- A wormable flaw on SMBv3 has been published, but not fixed by Microsoft yet.
- The company offered some workarounds and promised to release a patch soon.
- All versions before Windows 10 1903 are safe from this vulnerability, as they don’t support SMB compression.
Although Microsoft has pushed its biggest-ever security patch yesterday, there’s one flaw that was left out and got accidentally published by the tech giant on March 10. Carrying the identifier “CVE-2020-0796”, this is a critical flaw in the SMBv3 (Server Message Block 3.1.1) network communications protocol. Microsoft has disclosed the flaw by mistake through the “Active Protections Program,” which is meant to link the company with various security vendors. While they retracted the technical information right after it was published, people took note of the bug and figured that it’s a pretty nasty one.

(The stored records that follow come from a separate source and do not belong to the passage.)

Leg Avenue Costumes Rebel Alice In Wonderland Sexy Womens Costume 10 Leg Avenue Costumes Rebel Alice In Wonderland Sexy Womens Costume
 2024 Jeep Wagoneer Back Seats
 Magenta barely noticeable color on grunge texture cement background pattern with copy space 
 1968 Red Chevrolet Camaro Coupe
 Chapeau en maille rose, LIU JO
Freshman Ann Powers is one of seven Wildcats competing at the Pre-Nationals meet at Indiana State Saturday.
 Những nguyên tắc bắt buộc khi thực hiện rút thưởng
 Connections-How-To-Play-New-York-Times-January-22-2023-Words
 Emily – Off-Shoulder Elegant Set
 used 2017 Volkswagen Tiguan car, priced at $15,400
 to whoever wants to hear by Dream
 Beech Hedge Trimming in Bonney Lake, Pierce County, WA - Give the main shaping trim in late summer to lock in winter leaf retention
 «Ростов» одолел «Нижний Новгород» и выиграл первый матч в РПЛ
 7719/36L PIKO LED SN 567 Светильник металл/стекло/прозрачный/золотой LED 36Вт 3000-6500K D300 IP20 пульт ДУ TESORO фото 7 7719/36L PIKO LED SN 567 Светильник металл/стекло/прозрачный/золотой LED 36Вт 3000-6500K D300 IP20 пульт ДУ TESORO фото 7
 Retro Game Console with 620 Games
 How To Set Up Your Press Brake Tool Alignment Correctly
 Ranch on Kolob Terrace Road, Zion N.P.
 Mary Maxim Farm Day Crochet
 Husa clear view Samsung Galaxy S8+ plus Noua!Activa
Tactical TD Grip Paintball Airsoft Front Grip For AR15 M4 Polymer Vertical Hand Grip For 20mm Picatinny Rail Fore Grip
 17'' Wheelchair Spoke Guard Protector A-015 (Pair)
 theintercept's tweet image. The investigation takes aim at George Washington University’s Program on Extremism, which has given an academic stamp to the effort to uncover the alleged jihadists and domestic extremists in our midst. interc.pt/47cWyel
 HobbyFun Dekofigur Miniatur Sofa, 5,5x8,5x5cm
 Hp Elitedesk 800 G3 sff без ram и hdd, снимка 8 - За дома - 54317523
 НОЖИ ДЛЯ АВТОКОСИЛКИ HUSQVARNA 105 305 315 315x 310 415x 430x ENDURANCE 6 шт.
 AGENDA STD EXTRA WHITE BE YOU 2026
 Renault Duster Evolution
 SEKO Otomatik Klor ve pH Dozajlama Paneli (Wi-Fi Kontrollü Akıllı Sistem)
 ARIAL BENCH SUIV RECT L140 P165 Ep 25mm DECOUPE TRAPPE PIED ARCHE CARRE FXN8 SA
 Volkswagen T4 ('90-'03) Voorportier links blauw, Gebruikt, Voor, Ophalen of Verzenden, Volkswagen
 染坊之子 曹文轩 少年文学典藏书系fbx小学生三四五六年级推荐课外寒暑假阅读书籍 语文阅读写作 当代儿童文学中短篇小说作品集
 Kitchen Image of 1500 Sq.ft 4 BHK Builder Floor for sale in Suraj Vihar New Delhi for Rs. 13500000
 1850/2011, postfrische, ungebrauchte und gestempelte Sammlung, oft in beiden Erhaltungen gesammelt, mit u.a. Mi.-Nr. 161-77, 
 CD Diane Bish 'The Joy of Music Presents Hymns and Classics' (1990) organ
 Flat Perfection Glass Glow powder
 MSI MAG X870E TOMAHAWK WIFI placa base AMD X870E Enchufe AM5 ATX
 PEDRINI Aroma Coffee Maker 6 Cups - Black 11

The particular vulnerability enables a malicious actor to launch a remote code execution (RCE) attack by using a specially-crafted packet and sending it to the target SMBv3 server. The only prerequisite for this would be to connect to the target server first. The execution can take place on either the server or the SMB client, and, unfortunately, it’s a wormable flaw. Microsoft understands the criticality of the vulnerability and will fix it as quickly as possible, but right now, there’s no patch to plug the flaw. The vulnerable systems are the following:
- Windows 10 Version 1903 for 32-bit Systems
- Windows 10 Version 1903 for ARM64-based Systems
- Windows 10 Version 1903 for x64-based Systems
- Windows 10 Version 1909 for 32-bit Systems
- Windows 10 Version 1909 for ARM64-based Systems
- Windows 10 Version 1909 for x64-based Systems
- Windows Server, version 1903 (Server Core installation)
- Windows Server, version 1909 (Server Core installation)
Windows versions older than 10 v1903 are not affected by this vulnerability, as support for SMBv3.1.1 compression was added recently. There have been no confirmed cases of exploiting CVE-2020-0796 in the wild. However, with Microsoft having published the technical details about the flaw two days ago, it is only a matter of time before seeing it used for malicious purposes. If you are the administrator of an SMB server, you should use the following PowerShell command to block any attacks:
Set-ItemProperty -Path “HKLM:\SYSTEM\CurrentControlSet\Services\LanmanServer\Parameters” DisableCompression -Type DWORD -Value 1 –Force
In addition, SMB clients should block TCP port 445 at the enterprise perimeter firewall, exactly as they did with WannaCry. This won’t protect systems from attacks that stem from within the enterprise perimeter, so keep that in mind. Of course, everyone is advised to apply the fixing patches as soon as Microsoft releases them, and this shouldn’t take too long now.